Les récents reculs sur l’écologie votés au parlement démontrent un manque de courage politique effarant… tout ceci envoie des signaux désastreux à celles et ceux qui souffrent déjà des effets de la pollution punitive et du réchauffement qui va avec ! Nous ne sommes pas à l’abri dans notre confortable coin d’Europe. C’est déjà le cas de populations fragilisées dans les territoires ultramarins, ou dans plus de la moitié des pays du Sud et c’est en train d’arriver chez nous. Recul du trait de côte, orages dévastateurs, canicule, sécheresses fragilisant les maisons, cancers et autres maladies dus à la pollution et aux pesticides, températures en hausse qui causeront des morts sans aucun doute. Les mondes décrits dans les dystopies si à la mode sont bien en deça de la réalité qui nous attend. C’est ça qui sera punitif.
Il n’y aura pas d’humains ou d’animaux debout dans une France à 50°C. Les arbres mourront, et, in fine, nous aussi. Parce que notre organisme n’est pas fait pour ça. On ne s’adaptera pas, pas en si peu de temps. Ceux qui prétendent le contraire mentent. J’ai trouvé ces derniers jours des posts lunaires concernant les températures excessives dans les établissements scolaires : “Il faut que les enfants s’habituent”. N’importe quoi.
J’ai un érable dans mon jardin, je vous en ai mis un bout en photo, prise depuis la fenêtre de mon salon. Cet arbre est une bénédiction. Il a été planté à la construction de la maison dans les années 70. Il apporte une fraîcheur vraiment appréciable car il est situé côté ouest, là où le soleil tape le plus l’après-midi. Je veux que ce beau compagnon de vie survive, lui aussi.
Alors, moi, avec mon ordinateur (et toujours sans IA), je me demande si je ne vais pas travailler à un roman sur le sujet de la transition écologique. Je n’inventerai rien : bien des auteurs se sont attaqués à la question de “comment faire pour éviter la cata”, je pense à Kim Stanley Robinson et son Ministère du futur. Est-ce que les dirigeants de la planète l’ont lu et ont fondé un Ministère du futur en se disant (égoïstement) qu’ils allaient ainsi entrer dans l’Histoire comme les sauveurs de l’humanité et se faire ériger une statue ? Non, ils préfèrent s’envoyer des bombes, c’est finalement plus facile. Cela ne demande ni courage, ni intelligence, ni empathie. Et cela aggrave nos émissions de gaz à effet de serre, au passage, mais de cela les agresseurs s’en moquent comme de leurs premières victimes collatérales.

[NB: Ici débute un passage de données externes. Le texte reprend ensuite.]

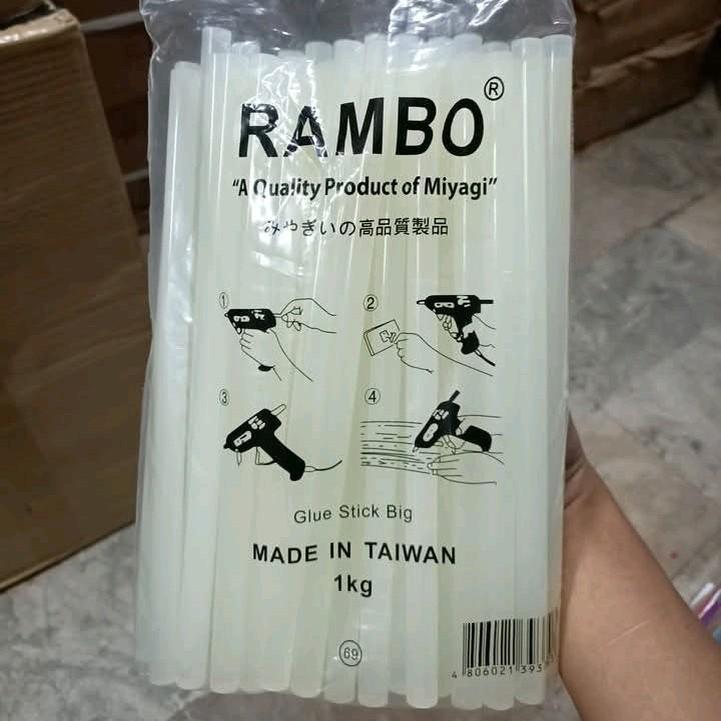 One kilogram hot melt glue stick, two specifications for you to choose from.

A quoi bon écrire encore sur l’écologie et la transition si personne ne veut lire de la “science-fiction punitive” ? Je rejoins toutefois l’idée d’autres auteurices (par exemple Charles Antoine Gautier dans ce carrousel Instagram : Allez le lire !) que la littérature est politique et indispensable, qu’elle peut donner des idées, faire réfléchir, apporter de l’espoir, et on en a bien besoin. Peut-être qu’à force de gueuler, ceux du fond finiront pas entendre.
Désolée pour ce post déprimant mais j’ai un peu de mal en ce moment à garder le moral.
Et vous, comment vivez-vous tout ça ?
Je finis ce billet avec une recommandation de podcast : https://podcasts.lemonde.fr/chaleur-humaine
Il est animé par le journaliste du Monde Nabil Wakim, et c’est une mine de connaissances (ses invités sont des spécialistes des différents sujets abordés), d’intelligence et d’espoir.